In August 2009, Prime Minister Stephen Harper stated, “The extension of Highway 5, the largest infrastructure project in the Outaouais, will help the region’s economic development, create high-paying jobs and greatly enhance the quality of life and safety of residents of the Outaouais region.”
Funded in part by federal stimulus dollars, the project involves building a four-lane divided highway from Chemin de la Riviere to the existing part of the highway in Wakefield.
Nikki Mantell, the editor of The Low Down, a local newspaper, asks, “Will this highway extension ruin the aquifer that feeds the Wakefield spring?”
She writes, “The Wakefield spring is the closest thing the region has to holy water – people revere it, cherish it, talk about it to their city friends, their city friends come to Wakefield just to get a taste. It’s natural, clean, cold, delicious and free. It’s a valued necessity to residents, cottagers and visitors. Rich or poor, newbie or long-time local; the spring’s value cuts across boundaries. To run it would be an unforgivable act.”
Jean-Francois Roy, an engineer associated with Cima+ and Tecsult Inc., told concerned residents at a recent information session that hydrology studies are underway to investigate any impact on Wakefield’s water supply, but no date for the completion of the study was given.
“(Villagers) at the meeting asked for assurances the highway would not be built until the hydrology studies and the federal environmental impact study are completed. Roy assured them that the highway cannot be built until until provincial and federal officials authorize everything, and nothing can be authorized until the studies are completed.”

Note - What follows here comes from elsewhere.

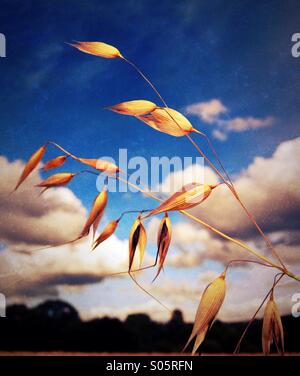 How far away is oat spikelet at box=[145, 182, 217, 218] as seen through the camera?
133 cm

We will be looking for those studies which should be made available on the La Peche municipality’s website before any further construction proceeds. Information from the municipality and about the federal environmental assessment of this highway construction can be found at http://www.villelapeche.qc.ca/index.php/en/la-peche/projects/extension-higway-5.
The local newspaper notes, “The letter-writing campaign to various levels of government has already begun.” We would suggest that you contact area MP Lawrence Cannon, also the minister of foreign affairs, for a guarantee that the aquifer and the spring will not be endangered by the highway. He can be reached at Cannon.L@parl.gc.ca.
But time is short. Work on an initial 2.5 kilometre portion of the highway began in 2010. “Work on Phase 2, which extends 6.5 kilometres from Meech Creek to Wakefield is scheduled to begin in the spring of 2011. Phase 3 will extend Hwy 5 one kilometre north of Wakefield.”